- Provided material
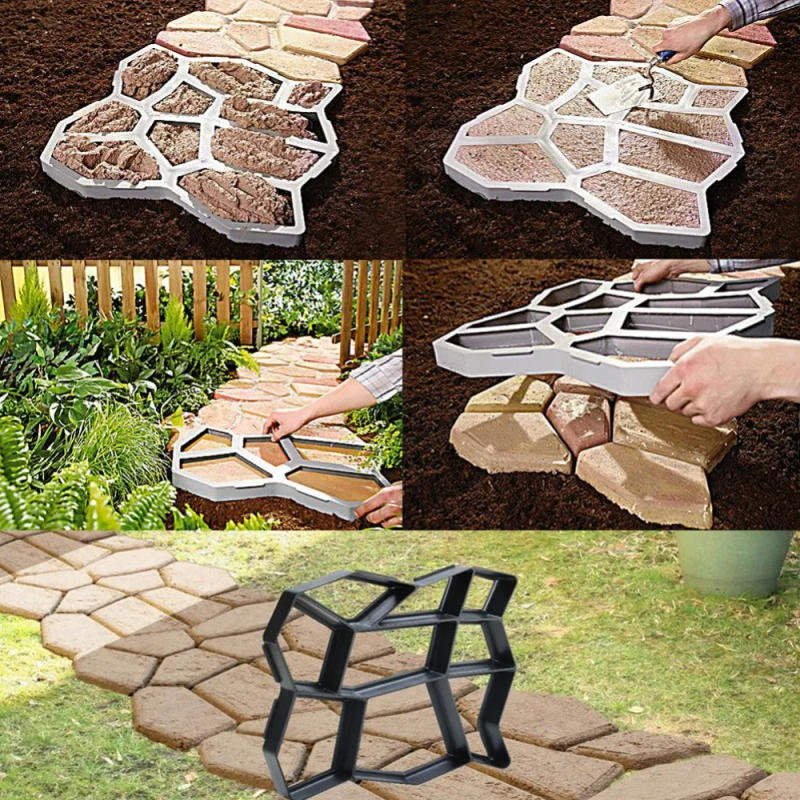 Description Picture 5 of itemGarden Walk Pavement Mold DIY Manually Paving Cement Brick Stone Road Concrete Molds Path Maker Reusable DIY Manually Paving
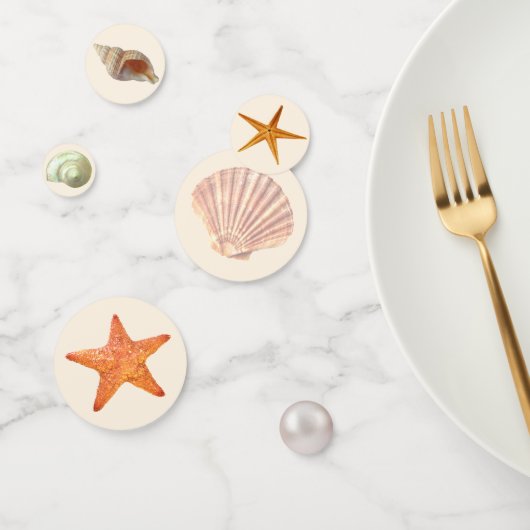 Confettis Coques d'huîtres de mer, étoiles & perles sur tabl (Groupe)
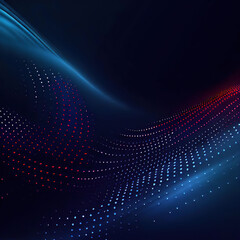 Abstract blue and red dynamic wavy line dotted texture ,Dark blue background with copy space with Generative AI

- Exercise
Write out again every line above exactly as given; the pictures do not belong in the copy.

- Exercise result
 Description Picture 5 of itemGarden Walk Pavement Mold DIY Manually Paving Cement Brick Stone Road Concrete Molds Path Maker Reusable DIY Manually Paving
 Confettis Coques d'huîtres de mer, étoiles & perles sur tabl (Groupe)
 Abstract blue and red dynamic wavy line dotted texture ,Dark blue background with copy space with Generative AI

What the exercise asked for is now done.